The ‘who’ and ‘what’ of aid
With the increasing number of international humanitarian responses, it is useful to consider what goods and services are being provided-and who, in the absence of humanitarian crisis, should provide them. For this, it is useful to categorise goods:
➮Public goods: goods provided by the state and whose delivery is a crucial part of the social contract between the state and its citizens. Citizens pay tax and in return, public goods are provided which confer legitimacy on the state.
➮Private goods: goods normally provided by a private company in a competitive market.
➮Mixed goods: goods that are provided by both the private and the public sectors.

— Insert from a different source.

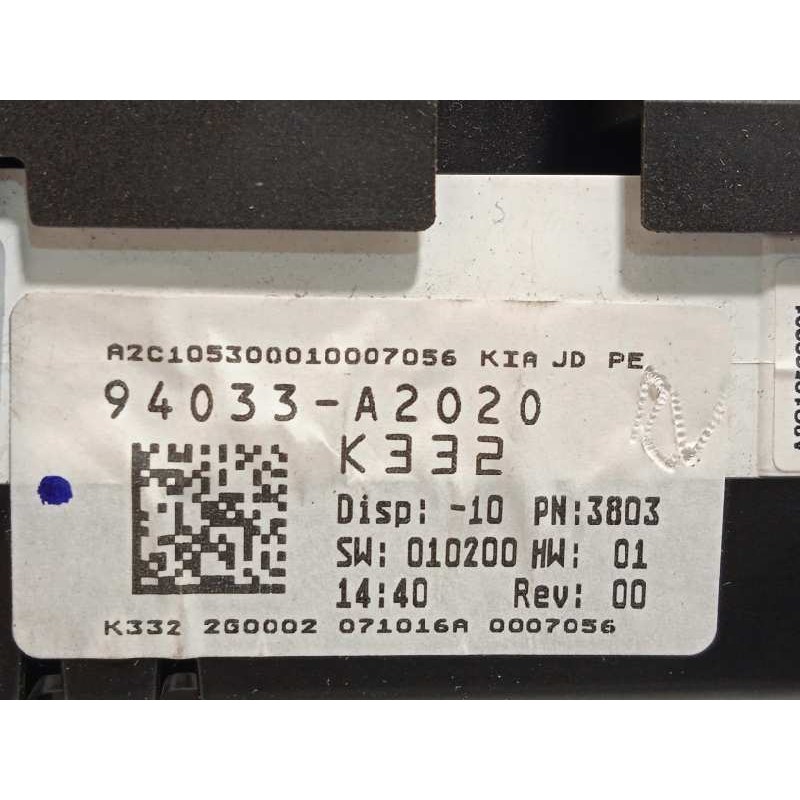 Recambio de cuadro instrumentos para kia cee´d 1.4 crdi cat referencia OEM IAM 94033A2020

Right to Health and Legal Advocacy
The right to health and to healthcare is a fundamental human right in all situations of peace or conflict. However, it falls short of being applied concretely to many patients around the world due to individual states’ health policies and financial commitments to affordable medical care and an international context where the price of drugs is an obstacle for numerous LIC or MIC. Further, in situations of war, despite prohibitions by IHL, attacks on the wounded and sick, healthcare facilities, and personnel are occurring at an increasingly alarming rate. Whether or not they are dismissed as a mistake, ‘justified’ by the loss of protected status or committed with the intention to spread terror, they lead to practical deprivation of healthcare to the population. The healthcare workers in developing countries, may face retribution for speaking out on the injustices faced by their patients, so human rights organisations and INGOs therefore can play a key role in giving voice to healthcare workers’ and patients’ demands. If there is a medical intervention that is not accessible or suboptimal for a given population, simply raising awareness about the need for change may not be enough. medical advocacy uses testimonies and data to create strong argument for change.
Medical Advocacy
Medical advocacy can be a tool to address seemingly uncompromising medical challenges and has developed in many ways. Organisations, such as Physicians for Human Rights (PHR), use medicine and science to document and draw attention to mass atrocities and severe human rights violations, focusing on the protection of medical institutions and health professionals working on the frontline.
Another approach has been Health Care in Danger Project, an initiative from the ICRC and Red Crescent Movement aimed at increasing awareness and addressing the issue of violence against patients and healthcare workers, facilities, and vehicles, and ensuring safe access to healthcare in armed conflict.